A revealing indicator will be if the PRC abandons the World War II "victor's justice" line that it attempted to establish as the basis for the US presence in Asia and some kind of US-PRC condominium. This movement achieved a mini-boomlet with Prime Minister Abe's provocative December visit to the Yasukuni Shrine, sub voce US uneasiness over the essentially anti-US character of right-wing Japanese nationalism, and the PRC's rather clumsy invocations of the Potsdam Declaration (in which the US and Chiang Kai-shek's China jointly called for the unconditional surrender of Japan) as the basis for the peaceful Asian order.

But that dog doesn't hunt anymore, thanks to Prime Minister Abe's support for US initiatives such as Futenma relocation, collective self-defense, and the TPP trade pact. To further mix metaphors, with the tightening US-Japan alliance, it looks like the US "honest broker" ship has sailed for good as far as the PRC is concerned.

If the PRC abandons its celebration of the US "greatest generation" World War II narrative, it will, somewhat ironically, contribute to the erosion of some of America's vaunted soft power.

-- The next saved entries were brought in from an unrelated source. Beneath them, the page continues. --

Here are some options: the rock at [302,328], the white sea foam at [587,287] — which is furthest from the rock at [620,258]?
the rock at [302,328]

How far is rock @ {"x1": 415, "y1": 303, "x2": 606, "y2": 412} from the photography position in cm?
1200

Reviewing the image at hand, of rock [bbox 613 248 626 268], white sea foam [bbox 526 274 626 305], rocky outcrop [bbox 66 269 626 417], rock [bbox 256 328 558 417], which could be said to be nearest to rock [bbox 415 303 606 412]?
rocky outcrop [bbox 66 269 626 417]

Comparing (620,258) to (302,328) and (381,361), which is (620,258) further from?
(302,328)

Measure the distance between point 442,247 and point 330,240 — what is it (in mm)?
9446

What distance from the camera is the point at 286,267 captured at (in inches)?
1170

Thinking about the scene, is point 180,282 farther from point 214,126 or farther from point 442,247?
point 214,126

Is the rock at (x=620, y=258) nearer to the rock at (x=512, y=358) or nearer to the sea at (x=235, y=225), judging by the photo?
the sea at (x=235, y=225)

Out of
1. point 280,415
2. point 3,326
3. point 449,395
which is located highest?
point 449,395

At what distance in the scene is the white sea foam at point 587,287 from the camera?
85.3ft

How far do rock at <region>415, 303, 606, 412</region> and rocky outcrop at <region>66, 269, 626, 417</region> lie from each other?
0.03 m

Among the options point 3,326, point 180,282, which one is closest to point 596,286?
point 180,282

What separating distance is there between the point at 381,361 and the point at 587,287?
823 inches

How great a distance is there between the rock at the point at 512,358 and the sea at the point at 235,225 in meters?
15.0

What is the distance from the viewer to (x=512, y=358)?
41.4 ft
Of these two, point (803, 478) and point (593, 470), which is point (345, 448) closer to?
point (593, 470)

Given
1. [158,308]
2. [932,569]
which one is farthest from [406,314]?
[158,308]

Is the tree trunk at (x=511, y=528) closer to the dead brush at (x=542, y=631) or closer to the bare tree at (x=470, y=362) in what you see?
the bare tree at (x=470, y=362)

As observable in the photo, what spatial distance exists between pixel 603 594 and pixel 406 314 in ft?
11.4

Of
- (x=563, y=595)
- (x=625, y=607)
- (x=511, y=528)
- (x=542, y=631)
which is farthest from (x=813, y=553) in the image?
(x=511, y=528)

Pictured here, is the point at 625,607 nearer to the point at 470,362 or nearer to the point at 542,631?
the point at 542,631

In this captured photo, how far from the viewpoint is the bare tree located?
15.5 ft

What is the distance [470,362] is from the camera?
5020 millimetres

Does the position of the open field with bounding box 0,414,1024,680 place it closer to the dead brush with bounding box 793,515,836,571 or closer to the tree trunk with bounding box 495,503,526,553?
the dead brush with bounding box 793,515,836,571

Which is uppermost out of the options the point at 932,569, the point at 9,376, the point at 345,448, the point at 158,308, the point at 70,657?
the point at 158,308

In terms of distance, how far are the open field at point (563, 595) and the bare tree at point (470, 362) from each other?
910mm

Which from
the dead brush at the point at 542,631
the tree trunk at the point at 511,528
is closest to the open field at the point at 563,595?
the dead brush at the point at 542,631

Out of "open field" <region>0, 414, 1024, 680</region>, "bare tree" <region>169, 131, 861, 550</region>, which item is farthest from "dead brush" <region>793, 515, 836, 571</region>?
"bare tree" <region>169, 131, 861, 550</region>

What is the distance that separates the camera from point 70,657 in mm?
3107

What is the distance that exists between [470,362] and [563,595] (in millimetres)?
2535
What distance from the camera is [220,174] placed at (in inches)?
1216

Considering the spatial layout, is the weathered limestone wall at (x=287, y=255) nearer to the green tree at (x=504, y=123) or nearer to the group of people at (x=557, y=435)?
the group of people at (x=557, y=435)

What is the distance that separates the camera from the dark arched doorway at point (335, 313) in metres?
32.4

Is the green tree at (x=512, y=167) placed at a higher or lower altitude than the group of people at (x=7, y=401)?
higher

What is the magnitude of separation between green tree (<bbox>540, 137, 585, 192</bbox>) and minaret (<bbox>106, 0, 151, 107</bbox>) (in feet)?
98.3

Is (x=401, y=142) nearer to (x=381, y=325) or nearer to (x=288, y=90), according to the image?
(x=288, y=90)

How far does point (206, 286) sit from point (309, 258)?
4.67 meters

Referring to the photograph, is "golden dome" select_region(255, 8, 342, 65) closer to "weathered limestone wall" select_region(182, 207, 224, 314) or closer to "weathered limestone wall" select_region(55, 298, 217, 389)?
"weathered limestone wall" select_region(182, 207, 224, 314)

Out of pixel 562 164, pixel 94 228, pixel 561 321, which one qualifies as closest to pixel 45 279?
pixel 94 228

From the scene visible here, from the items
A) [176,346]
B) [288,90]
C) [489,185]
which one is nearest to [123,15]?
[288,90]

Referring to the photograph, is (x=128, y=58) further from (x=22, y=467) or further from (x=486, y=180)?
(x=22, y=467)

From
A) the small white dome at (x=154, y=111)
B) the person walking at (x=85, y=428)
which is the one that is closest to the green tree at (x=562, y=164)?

As memories of World War II fade (or, to be more accurate, less flattering narratives of the current significance of that increasingly remote conflict gain traction), the US, instead of exercising its historical and moral prerogative to Asian leadership by sashaying into the region and telling the local powers how they should behave, will simply be another outside power trying to shoulder into the "Pacific Century" and belly up to the economic trough as its rivals and partners grow in military and economic strength and the relative US advantage dwindles.

The PRC, on the other hand, will be determined to demonstrate that it is the central power in East Asia, with existential interests and the credible capability to pursue them over decades in the face of US-orchestrated resistance.

Maybe it should be understood that the beginning of the "Pacific Century" is perhaps the end of the "American Century". That would certainly be an ironic coda to President Obama's visit.

Notes
1. The Philippines Takes China to Court, but It's Public Opinion That Will Decide, April 3, 2014.
2. See here.
3. Philippines: Invite all SE Asia to Pacific pact, Yahoo News, April 10, 2014.
4. China warns US ahead of Obama's visit, fearing high-profile tilt over disputed isles, Reuters, April 10, 2014.
5. Japan to Let US Assume Control of Nuclear Cache, The New York Times, March 23, 2014.
6. Evan Medeiros: China's attempt to isolate Japan worsens bilateral relations, The Asahi Shimbun, April 6, 2014.
7. Top Marine in Japan: If tasked, we could retake the Senkakus from China, Stars and Stripes, April 11, 2014.
8. Asahi poll: 63% oppose Abe's attempt to lift ban on collective self-defense, The Asahi Shimbun, April 7, 2014.
9. Nobody can contain China's development: defense chief, Xinhua, April 8, 2014.

 

1 comment:

  1. Good read

    The case of Taiwan and Japan is of particular concern in this subject, Japan more due to the dubious matter of Abe and the resurgent far right, it seems like an exceptionally odd choice to pamper to proven evil to "contain" a theoretical one.

    The case of Taiwan is perhaps much more dire, the current trend suggest Taiwan would likely deescalate into a Thailand style partial anarchy regardless of the outcome of the election this year and in 2014, given that since the precedent is set, it's only a matter of time before the DPP takes these sort of cou.. I mean protest further, or the KMT returning the favor in kind. Once it goes past a certain point, China would almost surely intervene, even if it's just out of domestic opinion pressure.

    It is hard to see how the USA can react to that sort of situation and come out looking strong.